GAKORPAN.COM. JAKARTA PUSAT.- Legalitas dan Ketidakrelevanan BAS: Telaah Putusan MK dan UU Advokat  Penyampaian bukti dalam perkara hukum sering kali menghadapi kendala teknis, salah satunya adalah keterbatasan kolom yang tersedia untuk mengunggah dokumen.

Namun, kendala tersebut kini telah diperbaiki dan seluruh bukti, termasuk tambahan yang merujuk pada Undang-Undang Republik Indonesia Tahun 2003, telah diunggah secara lengkap.

Lihat Ini :https://TV GAKORPAN NEWS 

Salah satu poin penting dalam perkara ini mengacu pada putusan Mahkamah Konstitusi No. 101/PUU-VII/2019, yang dalam poin keempatnya menegaskan bahwa organisasi advokat harus telah terbentuk selama dua tahun sebelum dapat diakui secara hukum. Namun, kenyataannya, hingga saat ini, organisasi tersebut tidak pernah benar-benar terbentuk.

Dalam konteks Berita Acara Sumpah (BAS), hal ini menjadi perdebatan, terutama karena berdasarkan Pasal 4 ayat (1) juncto Pasal 3 ayat (1) huruf f juncto Pasal 32 ayat (4) Undang-Undang Advokat, keabsahan organisasi advokat menjadi kunci utama dalam pelaksanaan sumpah advokat. Seharusnya, organisasi advokat ini telah terbentuk sejak 25 April 2025, yaitu dua tahun setelah Undang-Undang Advokat yang baru ditetapkan pada 5 April 2023.

Ketidakrelevanan BAS semakin diperjelas dengan fakta bahwa hingga kini tidak ada organisasi advokat yang memenuhi Pasal 3 ayat (1) huruf f terkait kewajiban mengikuti pelatihan dari organisasi advokat. Dalam sistem administrasi kependudukan Indonesia, profesi advokat juga tidak tercatat secara khusus sebagai kategori tersendiri, berbeda dengan pengacara dan jaksa yang telah memiliki landasan hukum jelas dalam Undang-Undang Administrasi Kependudukan RI No. 24 Tahun 2013.
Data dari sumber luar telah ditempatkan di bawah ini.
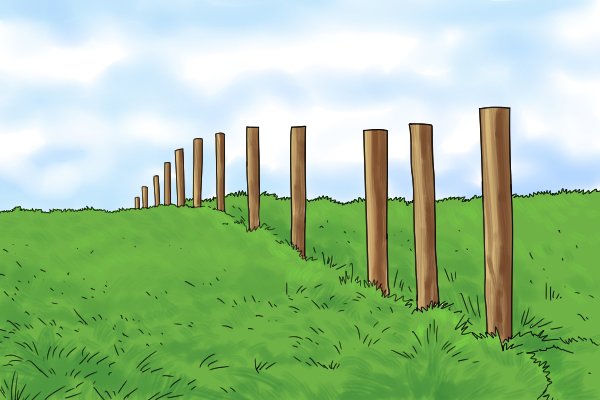 Fence posts How to use a post hole digger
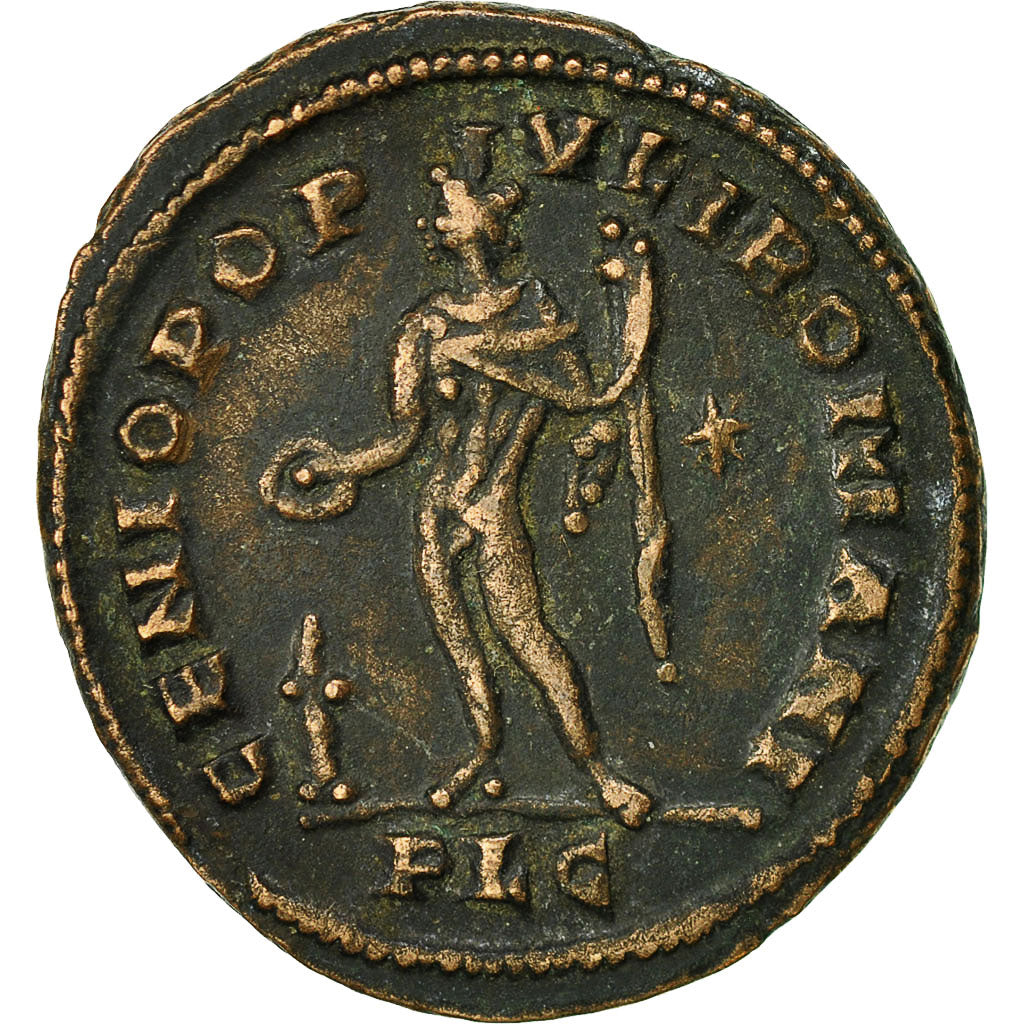 Monnaie, Constantin I, Follis, 306-307, Lyon, SUP, Cuivre, RIC:194b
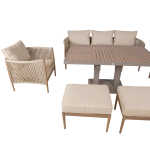 Aiamööblikomplekt MEDINA 7-osaline, beež - Image 6
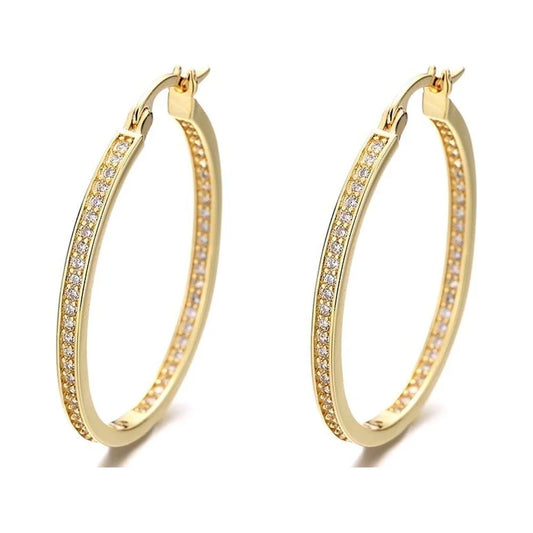 14K Gold Hoop Earrings 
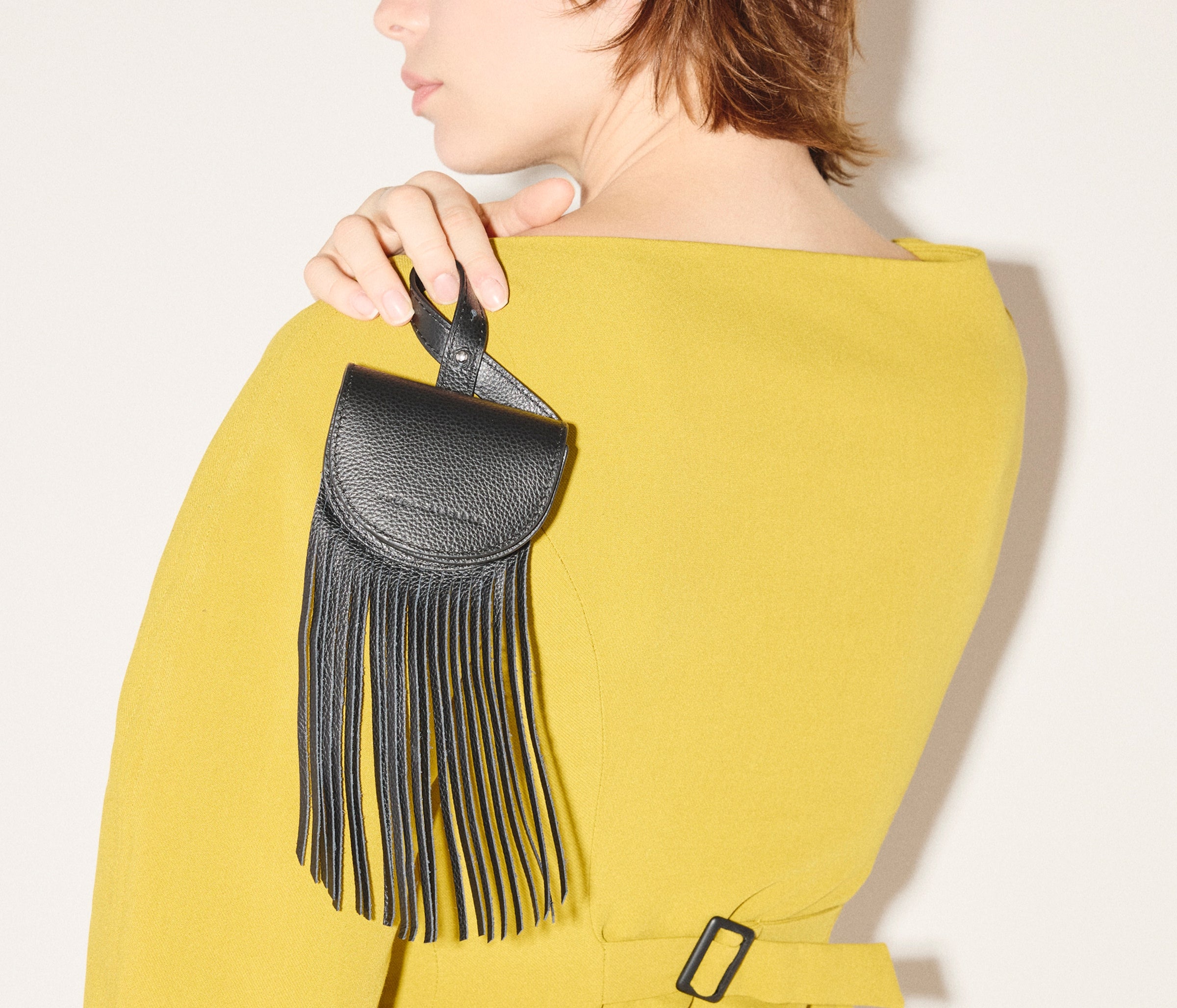 JONI FRINGE BAG CHARM, [product-type] - FREDA SALVADOR Power Shoes for Power Women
Lebih lanjut, anggapan bahwa jaksa dapat dikategorikan sebagai advokat bertentangan dengan Undang-Undang No. 11 Tahun 2021. Dalam aturan tersebut, jaksa, terutama Jaksa Agung, tetap berada dalam kategori pengacara negara sebagaimana diatur dalam Pasal 18 ayat (1) dan (2).

Keanehan lainnya muncul dalam perkara No. 564/Pdt.G/2024/PN Jakarta Pusat, di mana alat bukti yang disampaikan tergugat merujuk pada Pasal 197 ayat (2) Undang-Undang No. 8 Tahun 1981, yang seharusnya bukan Undang-Undang No. 8 Tahun 1987. Mahkamah Agung bahkan melakukan revisi terhadap kesalahan penulisan nama hakim, padahal, menurut prinsip hukum, putusan hanya sah apabila dibacakan dalam sidang terbuka untuk umum, bukan melalui revisi tertulis.

Menurut Richard William, salah satu anggota tim pengacara dalam perkara ini, perbaikan putusan seharusnya dilakukan melalui sidang ulang, bukan sekadar revisi administratif. Hal ini menimbulkan pertanyaan serius terkait legalitas dan keabsahan putusan yang telah dikeluarkan.

Dengan adanya berbagai kejanggalan hukum ini, penting bagi para praktisi hukum dan masyarakat untuk terus mengawasi jalannya proses peradilan agar tetap sesuai dengan prinsip-prinsip hukum yang berlaku.